WHAT TO DO: Copy every record below exactly.

-- SOURCE RECORDS follows --

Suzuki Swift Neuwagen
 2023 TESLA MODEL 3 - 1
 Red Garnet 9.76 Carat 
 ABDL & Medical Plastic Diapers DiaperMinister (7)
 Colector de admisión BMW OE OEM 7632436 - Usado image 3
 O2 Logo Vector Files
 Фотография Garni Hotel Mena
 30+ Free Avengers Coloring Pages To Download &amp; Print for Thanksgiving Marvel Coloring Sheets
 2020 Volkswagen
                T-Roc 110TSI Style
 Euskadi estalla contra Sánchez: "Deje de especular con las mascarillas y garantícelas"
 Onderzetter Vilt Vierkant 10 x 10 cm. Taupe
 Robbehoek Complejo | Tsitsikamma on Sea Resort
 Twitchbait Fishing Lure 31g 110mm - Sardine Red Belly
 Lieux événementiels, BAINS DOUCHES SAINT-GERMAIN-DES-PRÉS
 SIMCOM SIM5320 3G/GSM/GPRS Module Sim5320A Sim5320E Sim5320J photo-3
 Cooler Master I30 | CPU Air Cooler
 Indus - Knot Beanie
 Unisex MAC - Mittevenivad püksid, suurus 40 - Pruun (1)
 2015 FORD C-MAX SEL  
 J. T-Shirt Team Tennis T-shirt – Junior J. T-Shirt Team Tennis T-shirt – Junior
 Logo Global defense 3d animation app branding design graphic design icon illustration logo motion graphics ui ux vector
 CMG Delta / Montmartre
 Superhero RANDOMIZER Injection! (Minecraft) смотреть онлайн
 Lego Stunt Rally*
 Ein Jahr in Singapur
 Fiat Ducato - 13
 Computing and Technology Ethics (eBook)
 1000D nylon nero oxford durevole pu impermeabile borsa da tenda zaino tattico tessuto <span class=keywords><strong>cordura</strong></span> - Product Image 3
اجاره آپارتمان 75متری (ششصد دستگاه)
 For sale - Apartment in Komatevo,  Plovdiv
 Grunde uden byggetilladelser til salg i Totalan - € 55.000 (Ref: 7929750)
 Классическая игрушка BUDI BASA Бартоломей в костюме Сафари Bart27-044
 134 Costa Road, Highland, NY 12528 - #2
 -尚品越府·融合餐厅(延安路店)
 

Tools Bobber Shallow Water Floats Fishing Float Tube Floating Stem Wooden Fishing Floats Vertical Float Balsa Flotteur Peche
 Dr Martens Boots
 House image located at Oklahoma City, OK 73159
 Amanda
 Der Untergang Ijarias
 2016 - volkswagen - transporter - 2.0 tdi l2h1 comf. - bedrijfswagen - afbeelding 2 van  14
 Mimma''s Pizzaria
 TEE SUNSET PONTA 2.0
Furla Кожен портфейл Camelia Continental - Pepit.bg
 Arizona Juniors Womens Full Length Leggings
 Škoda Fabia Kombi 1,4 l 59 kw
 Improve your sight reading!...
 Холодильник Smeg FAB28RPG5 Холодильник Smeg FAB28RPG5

-- SOURCE RECORDS concluded --

WRITTEN SOLUTION:
Suzuki Swift Neuwagen
 2023 TESLA MODEL 3 - 1
 Red Garnet 9.76 Carat 
 ABDL & Medical Plastic Diapers DiaperMinister (7)
 Colector de admisión BMW OE OEM 7632436 - Usado image 3
 O2 Logo Vector Files
 Фотография Garni Hotel Mena
 30+ Free Avengers Coloring Pages To Download &amp; Print for Thanksgiving Marvel Coloring Sheets
 2020 Volkswagen
                T-Roc 110TSI Style
 Euskadi estalla contra Sánchez: "Deje de especular con las mascarillas y garantícelas"
 Onderzetter Vilt Vierkant 10 x 10 cm. Taupe
 Robbehoek Complejo | Tsitsikamma on Sea Resort
 Twitchbait Fishing Lure 31g 110mm - Sardine Red Belly
 Lieux événementiels, BAINS DOUCHES SAINT-GERMAIN-DES-PRÉS
 SIMCOM SIM5320 3G/GSM/GPRS Module Sim5320A Sim5320E Sim5320J photo-3
 Cooler Master I30 | CPU Air Cooler
 Indus - Knot Beanie
 Unisex MAC - Mittevenivad püksid, suurus 40 - Pruun (1)
 2015 FORD C-MAX SEL  
 J. T-Shirt Team Tennis T-shirt – Junior J. T-Shirt Team Tennis T-shirt – Junior
 Logo Global defense 3d animation app branding design graphic design icon illustration logo motion graphics ui ux vector
 CMG Delta / Montmartre
 Superhero RANDOMIZER Injection! (Minecraft) смотреть онлайн
 Lego Stunt Rally*
 Ein Jahr in Singapur
 Fiat Ducato - 13
 Computing and Technology Ethics (eBook)
 1000D nylon nero oxford durevole pu impermeabile borsa da tenda zaino tattico tessuto <span class=keywords><strong>cordura</strong></span> - Product Image 3
اجاره آپارتمان 75متری (ششصد دستگاه)
 For sale - Apartment in Komatevo,  Plovdiv
 Grunde uden byggetilladelser til salg i Totalan - € 55.000 (Ref: 7929750)
 Классическая игрушка BUDI BASA Бартоломей в костюме Сафари Bart27-044
 134 Costa Road, Highland, NY 12528 - #2
 -尚品越府·融合餐厅(延安路店)
 

Tools Bobber Shallow Water Floats Fishing Float Tube Floating Stem Wooden Fishing Floats Vertical Float Balsa Flotteur Peche
 Dr Martens Boots
 House image located at Oklahoma City, OK 73159
 Amanda
 Der Untergang Ijarias
 2016 - volkswagen - transporter - 2.0 tdi l2h1 comf. - bedrijfswagen - afbeelding 2 van  14
 Mimma''s Pizzaria
 TEE SUNSET PONTA 2.0
Furla Кожен портфейл Camelia Continental - Pepit.bg
 Arizona Juniors Womens Full Length Leggings
 Škoda Fabia Kombi 1,4 l 59 kw
 Improve your sight reading!...
 Холодильник Smeg FAB28RPG5 Холодильник Smeg FAB28RPG5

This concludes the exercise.